» **What is expected**: The material below holds a span beginning at the line with "Loop forming pliers, Tweed" and ending at the line with "<曾小咸推荐>假日慵懒风拼接条纹吊带背心 商品图1". Quote that span exactly, both ends included, and only that span.
----- Given records -----
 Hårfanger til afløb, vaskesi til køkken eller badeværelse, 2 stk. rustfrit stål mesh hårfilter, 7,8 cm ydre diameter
-----
----- Given records -----
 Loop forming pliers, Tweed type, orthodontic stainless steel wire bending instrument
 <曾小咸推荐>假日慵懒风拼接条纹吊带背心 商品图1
-----
» **Expected answer**:
 Loop forming pliers, Tweed type, orthodontic stainless steel wire bending instrument
 <曾小咸推荐>假日慵懒风拼接条纹吊带背心 商品图1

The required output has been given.